In Lincoln’s conclusion, he gives a final word of encouragement to the people hoping for “a new birth of freedom.” His last words leave the audience with pride and patriotism as the president projects a victorious nation that “shall not perish from the earth.”

Manuscript of the Gettysburg Address

Archive Manuscript of the Gettysburg Address by Abraham Lincoln

Importance of Speech Analysis

Speech analysis is important for both the speaker and the analyst. A speaker will receive feedback in order to better understand the effect a speech has on an audience. This can help a speaker make more audience-centered choices in future settings. It is also important for the analyst as the analyst learns by observing what is most effective in a speech example.

Some improvements that can be made based on a speech analysis include word choices and analyzing which words inspire or alienate certain audiences. Other improvements that can be learned from speech analysis can be within the structure of an argument as a whole. Arguments and counterarguments are both examined in an analysis, and a communicator can learn how to build credibility by effectively presenting an opposing opinion.

Lesson Summary

Speech analysis examines the elements that make up an effective speech. It involves identifying the target audience and purpose of the speech, assessing how the speech connects to that audience and evaluating the purpose of a speaker’s rhetorical choices (the choices of wording, style, or type of evidence). The first step in a speech analysis is identifying the speech’s purpose or intent. Speeches may be written for a variety of purposes, including to inform, persuade, or entertain. The speech can be evaluated for its effectiveness and validity based on its purpose. A proper speech analysis will examine the use of anecdotes (short personal stories), facts, statistics, examples, or expert testimony. A speech analysis should also include an evaluation of diction (choice of wording) and the inclusion of counterarguments, which is essential to an effective speech. Anticipating the opposing argument proves that a speaker has thought through both sides of the issue, thus strengthening the speaker’s position.

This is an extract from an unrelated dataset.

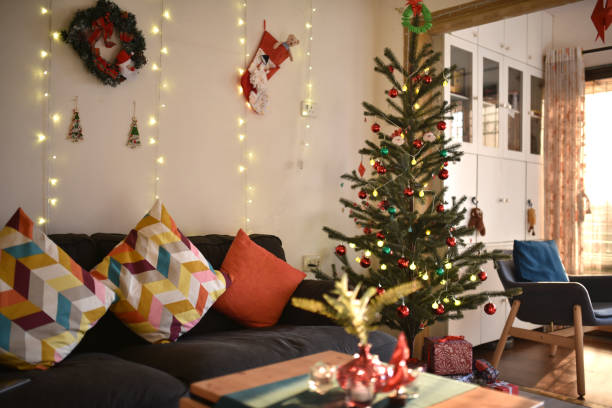 living room decorated for christmas with christmas tree and string lights - home decoration stock pictures, royalty-free photos & images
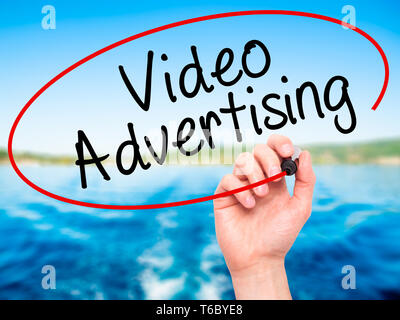 Man Hand writing Video Advertising with black marker on visual screen Stock Photo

For example, an analysis of President Kennedy’s Civil Rights Speech would evaluate the use of the word “we” as it refers to Americans as a whole. This word choice created a connection with Kennedy’s audience. It made the speech more personal to the listener and created a feeling of unity by implying that the president and the American people were all together in resolving the issue. Like most persuasive speakers, Kennedy ends with a call to action, meaning the speech motivates the audience to do something (for example, to vote a certain way or buy a certain product). Kennedy provides such a call for action when he asks Congress to enact legislation and American citizens to support the legislative action.